Could you copy the whole listing below exactly as written?

### Given information
☆ ☆ ☆ ☆ ☆ ☆ ☆

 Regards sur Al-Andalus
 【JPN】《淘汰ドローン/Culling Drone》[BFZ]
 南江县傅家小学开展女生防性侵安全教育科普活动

☆ ☆ ☆ ☆ ☆ ☆ ☆

### Exercise response
 Regards sur Al-Andalus
 【JPN】《淘汰ドローン/Culling Drone》[BFZ]
 南江县傅家小学开展女生防性侵安全教育科普活动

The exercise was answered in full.